Our group on the ‘Focolare Trail’ travelling from Trent through Florence to Rome last month had just enjoyed
lunch on the rooftop balcony of St Andrew’s Scots Church. Now we were hearing about various urban ministries at work in the city other than the Focolare Movement, the main focus of our trip.
Andrea Riccardi was still a teenager when he and his student friends resolved in 1968 to follow the radical example of the Acts of the Apostles and of Francis of Assisi to put the Gospel into practice. Based out of a Roman Catholic church called Sant’Egidio (St Giles), the students began visiting slums on the outskirts of Rome to hold an afternoon school for drop-out children, called Scuola Popolare (People’s School).
These efforts grew into a global movement, now known as the Community of Sant’Egidio. It has since spread to four continents and seventy countries. Until recently I had never heard of this work, yet with 50,000 members and many more volunteers, it has to be one of the biggest such ministries in the world. The leadership of this ‘missionary brotherhood’ is totally lay, with no clergy involved as leaders.
While in Rome, we were guests of the Community firstly at a well-attended mid-week prayer meeting in a large historic basilica, and then at a late dinner in a secluded Roman garden. We learned that the first ‘work’ of the Community was prayer. The call to conversion to live as disciples of Jesus meant exchanging the self-centred life to become instruments of love for others, particularly the poor; a disciple followed Jesus rather than oneself. In imitation of the early church, Community lifestyle began with prayer and gathering around the Word of God, as in Acts 2:42-‘They devoted themselves to the apostles’ teaching and to the fellowship, to the breaking of bread and to prayer.’ Such a lifestyle was expected of all Community members, both personally and corporately.

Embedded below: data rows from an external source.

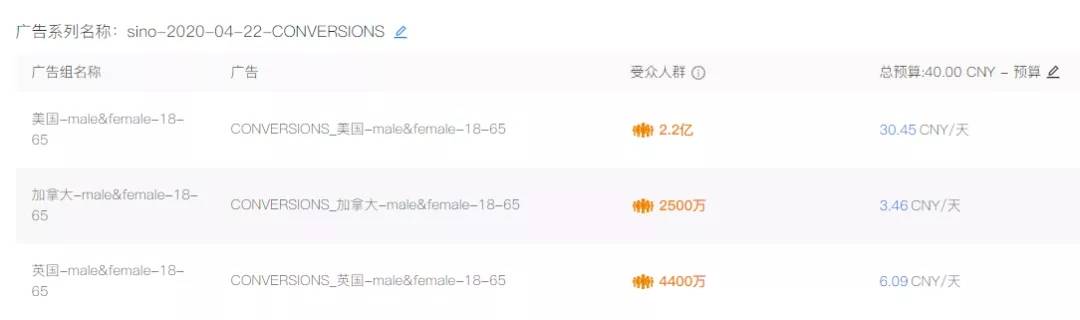 Instagram 自动点赞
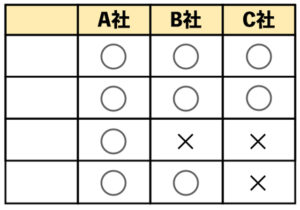 東京のおすすめWeb制作会社43選特徴・強みを徹底比較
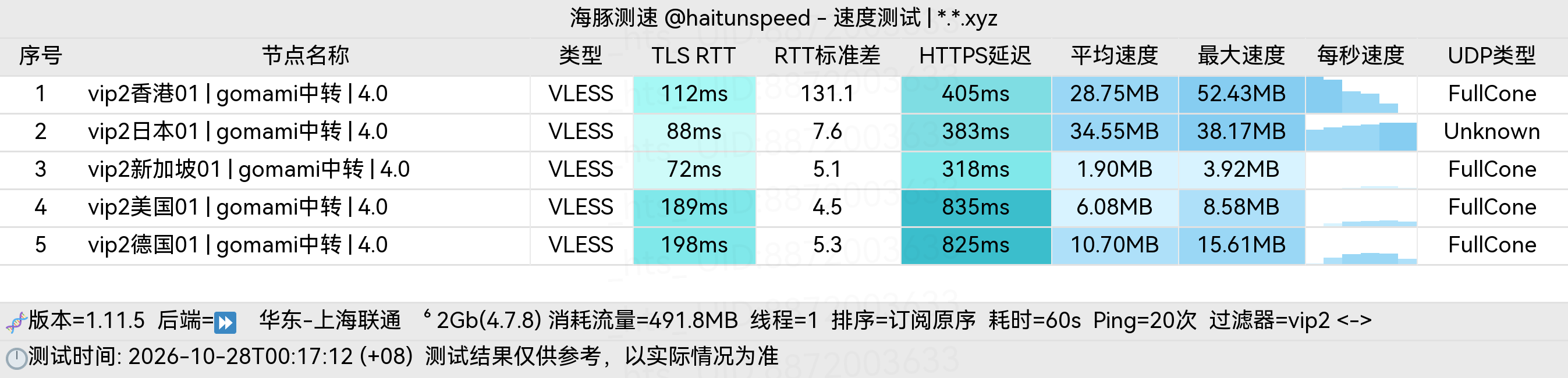 🐬海豚测速|机场评测|后端招募 配图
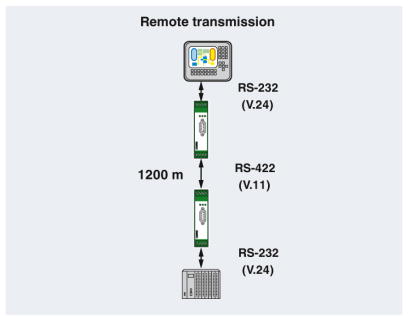 PSM-ME-RS232 to RS485 Point to Point Network Diagram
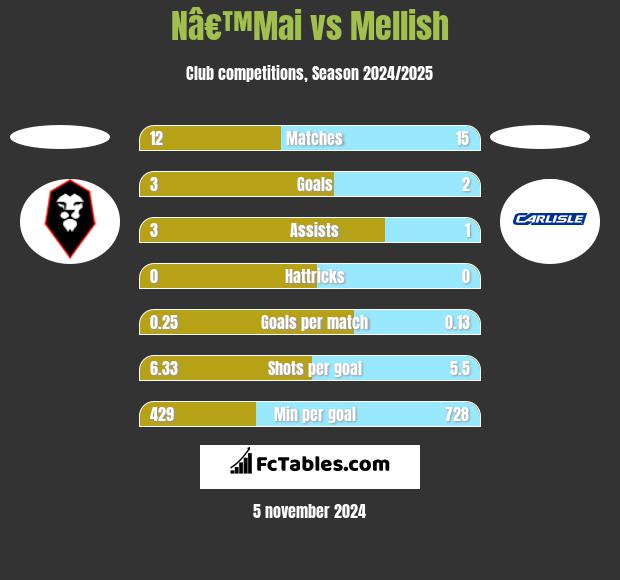 Nâ€™Mai vs Mellish h2h player stats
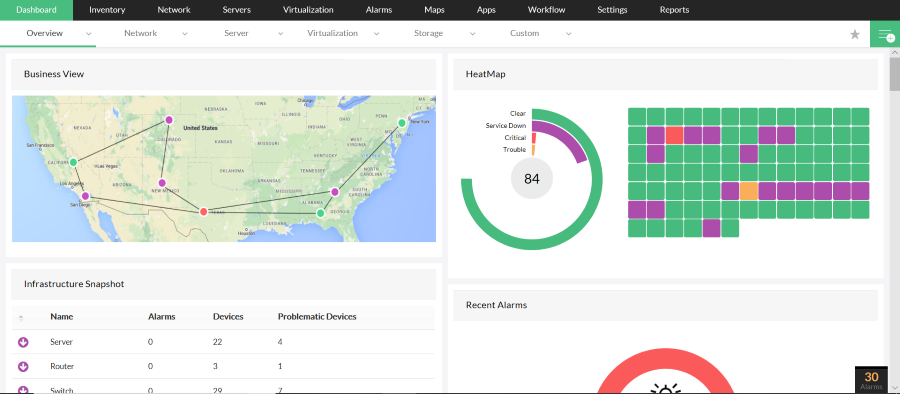 ManageEngine OpManager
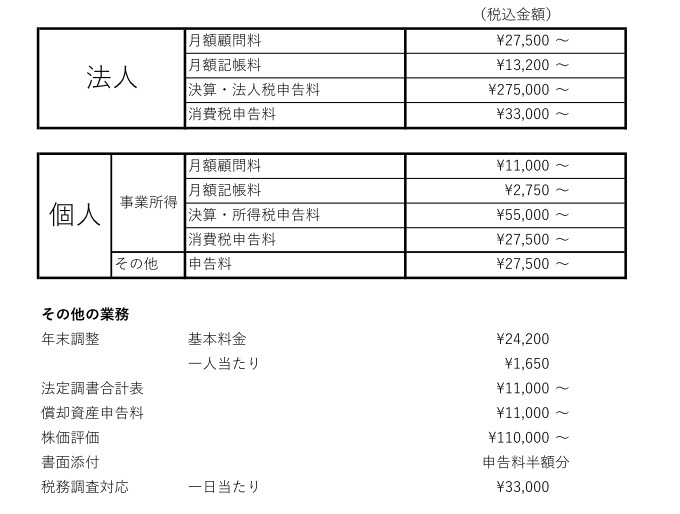 料金体系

The second pillar of the Community was evangelism. For the Community of Sant’Egidio, being disciples and living and sharing the Gospel were synonymous. Sharing the Gospel was an experience of joy and celebration, as when the disciples returned to Jesus in Luke 10:17 full of joy at having seen the devils submitting to the name of Jesus.
The third ‘work’ of Sant’Egidio, lived out as a daily commitment, was service to the poor. The student founders believed they could not live the Gospel far from the poor – not simply as recipients of aid but as friends. Starting with the ‘Cinodromo’ shacks along the Tiber river, they began building friendships with disadvantaged children and offering extra classes. The Scuola Popolare spread to other cities. Living out Matthew 25, the students broadened their ministry to include friendship and help to the physically and mentally disabled, the homeless, immigrants, the terminally ill, prisoners, gypsies and refugees. Now some 8000 were involved in Rome alone regularly ministering the Gospel in word and deed to the urban poor, and 15,000 throughout Italy.
In radical imitation of Christ, Sant’Egidians identified with ‘the least’ in society as brothers and sisters in communities across the globe from Rome to San Salvador, from Belgium to Cameroon, from Indonesia to the Ukraine. Identification with the poor in war zones has led to peacemaking and reconciliation efforts, as well as humanitarian aid projects in Mozambique, Guatemala and the Balkans. Belief in the ‘weak power’ of prayer and the transforming power of non-violence and persuasion stemmed from the attitudes Jesus himself lived out to the end.
The Community saw Ecumenical and interfaith dialogue as a key to defusing confrontation in the clash of cultures. Community members have also campaigned for a moratorium on capital executions, against anti-personnel mines and to end slavery where it still exists.
Like the Scots pastor, I had gained a deep respect for the radical discipleship of the Sant’Egidians during my short stay in Rome. I left the city pondering the smallness of my world that I had known little about this movement before.